While enjoying a fine chat with another, an interesting topic for discussion came up. We were talking about watching friends and coworkers enter relationships, get married, and move away—including a whole bunch of them in the last couple of years alone.
“It’s funny, it’s like a recession brings people closer together!” went the observation.
And that got me to thinking…what if it actually does?
Now, I realize that at first glance, the evidence doesn’t seem to back up that assertion. Financial trouble is one of the most commonly cited reasons for divorce and breakups. It’s pretty hard when you want to treat your significant other to something nice once in a while, but are fretting that you could possibly lose your job next week. And if the other person is under the same circumstances, that can lead to a quick exit. And no one needs to remind anyone on here that weddings are expensive propositions (paging Mr. Braverman).
But bear with me to examine the other side of that argument, monkeys.

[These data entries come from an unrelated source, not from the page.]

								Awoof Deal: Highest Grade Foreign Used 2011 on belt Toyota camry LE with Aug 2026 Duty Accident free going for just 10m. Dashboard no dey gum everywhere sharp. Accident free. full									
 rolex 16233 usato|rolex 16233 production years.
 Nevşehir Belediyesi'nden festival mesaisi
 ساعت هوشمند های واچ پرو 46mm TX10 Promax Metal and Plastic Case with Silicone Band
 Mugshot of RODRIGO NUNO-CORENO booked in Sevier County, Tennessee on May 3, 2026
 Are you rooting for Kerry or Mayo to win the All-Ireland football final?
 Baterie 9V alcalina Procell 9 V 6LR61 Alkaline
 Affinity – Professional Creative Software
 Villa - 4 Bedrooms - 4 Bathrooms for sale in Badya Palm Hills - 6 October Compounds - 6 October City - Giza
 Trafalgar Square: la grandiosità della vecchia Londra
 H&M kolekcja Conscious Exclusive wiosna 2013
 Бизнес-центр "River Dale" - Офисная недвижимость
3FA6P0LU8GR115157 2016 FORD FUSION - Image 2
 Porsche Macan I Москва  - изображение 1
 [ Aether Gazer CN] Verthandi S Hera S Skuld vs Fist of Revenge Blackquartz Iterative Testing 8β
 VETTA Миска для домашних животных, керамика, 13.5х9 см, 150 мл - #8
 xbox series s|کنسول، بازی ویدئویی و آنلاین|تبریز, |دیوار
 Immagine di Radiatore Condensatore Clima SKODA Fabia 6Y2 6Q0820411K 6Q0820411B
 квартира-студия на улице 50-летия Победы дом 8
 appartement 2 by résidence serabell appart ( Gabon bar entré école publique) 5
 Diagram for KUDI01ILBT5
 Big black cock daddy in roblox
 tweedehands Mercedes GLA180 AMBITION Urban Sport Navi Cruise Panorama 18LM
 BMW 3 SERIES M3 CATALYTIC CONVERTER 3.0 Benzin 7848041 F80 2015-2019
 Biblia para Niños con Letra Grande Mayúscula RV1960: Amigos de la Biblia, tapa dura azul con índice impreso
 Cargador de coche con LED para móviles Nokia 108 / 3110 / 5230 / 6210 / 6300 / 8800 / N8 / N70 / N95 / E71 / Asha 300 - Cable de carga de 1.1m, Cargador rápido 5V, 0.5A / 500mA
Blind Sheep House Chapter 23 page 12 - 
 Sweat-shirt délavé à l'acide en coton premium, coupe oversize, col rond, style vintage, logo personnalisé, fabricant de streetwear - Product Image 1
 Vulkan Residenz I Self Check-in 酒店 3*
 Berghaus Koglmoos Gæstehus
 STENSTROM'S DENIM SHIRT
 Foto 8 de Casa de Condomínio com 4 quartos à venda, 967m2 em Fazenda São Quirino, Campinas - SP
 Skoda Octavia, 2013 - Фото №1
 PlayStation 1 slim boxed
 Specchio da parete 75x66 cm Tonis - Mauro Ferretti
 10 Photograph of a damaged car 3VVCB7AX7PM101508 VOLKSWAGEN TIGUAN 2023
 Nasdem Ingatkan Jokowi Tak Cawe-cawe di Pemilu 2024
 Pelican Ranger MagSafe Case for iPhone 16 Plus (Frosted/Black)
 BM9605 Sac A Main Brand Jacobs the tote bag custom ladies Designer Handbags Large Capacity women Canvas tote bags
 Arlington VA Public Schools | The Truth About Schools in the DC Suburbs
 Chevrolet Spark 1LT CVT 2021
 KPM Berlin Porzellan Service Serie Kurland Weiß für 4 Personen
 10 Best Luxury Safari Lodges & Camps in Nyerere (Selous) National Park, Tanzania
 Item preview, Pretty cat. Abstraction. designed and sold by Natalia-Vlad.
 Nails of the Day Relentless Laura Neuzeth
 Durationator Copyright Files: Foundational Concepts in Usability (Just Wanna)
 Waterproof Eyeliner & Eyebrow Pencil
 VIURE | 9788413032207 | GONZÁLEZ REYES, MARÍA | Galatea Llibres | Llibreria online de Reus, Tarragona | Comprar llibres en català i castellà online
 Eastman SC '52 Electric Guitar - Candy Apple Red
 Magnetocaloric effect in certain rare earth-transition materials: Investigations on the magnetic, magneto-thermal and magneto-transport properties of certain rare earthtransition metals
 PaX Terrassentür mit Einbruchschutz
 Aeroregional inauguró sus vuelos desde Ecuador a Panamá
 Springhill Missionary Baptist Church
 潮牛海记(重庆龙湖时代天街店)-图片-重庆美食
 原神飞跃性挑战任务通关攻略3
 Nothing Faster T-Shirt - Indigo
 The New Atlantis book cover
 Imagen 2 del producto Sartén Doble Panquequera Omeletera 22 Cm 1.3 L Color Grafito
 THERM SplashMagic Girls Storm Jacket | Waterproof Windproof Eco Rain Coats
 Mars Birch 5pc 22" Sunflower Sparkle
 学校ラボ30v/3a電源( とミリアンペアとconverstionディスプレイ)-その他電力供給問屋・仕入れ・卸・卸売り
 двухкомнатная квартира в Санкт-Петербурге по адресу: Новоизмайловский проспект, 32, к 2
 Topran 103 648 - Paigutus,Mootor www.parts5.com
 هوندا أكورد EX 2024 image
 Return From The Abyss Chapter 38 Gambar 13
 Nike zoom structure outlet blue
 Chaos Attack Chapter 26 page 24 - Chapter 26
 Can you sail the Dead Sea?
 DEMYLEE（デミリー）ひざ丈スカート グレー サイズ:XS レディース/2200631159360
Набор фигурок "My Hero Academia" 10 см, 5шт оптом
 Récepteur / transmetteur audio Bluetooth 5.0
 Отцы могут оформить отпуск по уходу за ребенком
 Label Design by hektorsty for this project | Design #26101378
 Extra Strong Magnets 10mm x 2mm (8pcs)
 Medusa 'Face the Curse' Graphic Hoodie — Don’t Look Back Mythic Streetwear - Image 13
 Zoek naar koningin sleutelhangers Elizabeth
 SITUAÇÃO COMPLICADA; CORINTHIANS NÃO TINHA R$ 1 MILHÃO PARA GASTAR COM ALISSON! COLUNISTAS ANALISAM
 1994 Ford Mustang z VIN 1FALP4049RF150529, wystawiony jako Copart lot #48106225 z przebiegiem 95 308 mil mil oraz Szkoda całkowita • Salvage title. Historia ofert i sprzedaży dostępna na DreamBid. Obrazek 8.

I honestly haven’t been observant enough over a long enough period of time to make a confident assumption (maybe some of the old soldiers can), but I’m thinking it goes like this:
Chronic high unemployment for an extended period of time fosters cynicism and despair in a lot of people. We find ourselves sacrificing and striving for little apparent gain, and it is tempting to give up. We can try turning to the comforts from our relationships to combat the drudgery, but other people will choose a path of escapism and spontaneity.
Now that can be good and bad—spending quality time with friends is the best way to blow off steam after a bad week, and a quiet, relaxing date with your girlfriend or boyfriend can be a perfect tonic after a stressful weekend at the office. When everything seems to be awful, at the very least you still have that.
But it can also lead to some destructive behavior, aka “the shotgun approach”—making life a never ending series of emotionally destructive one-night stands (some of you may know firsthand exactly what I mean). Or it can mean impulsively tying the knot with somebody you probably shouldn’t, because you aren’t thinking straight. Seeking out “creature comforts” is one of the ways we humans try to cope with loss—at soccer’s World Cup in South Africa, the bartenders and the prostitutes actively prepared for a huge spike in business from fans and players of the losing team.
Or maybe it’s a wash—people fight, fall in love, and break up all the time, regardless of whether the economy is booming or not. Any thoughts? Or is this a complete waste of time?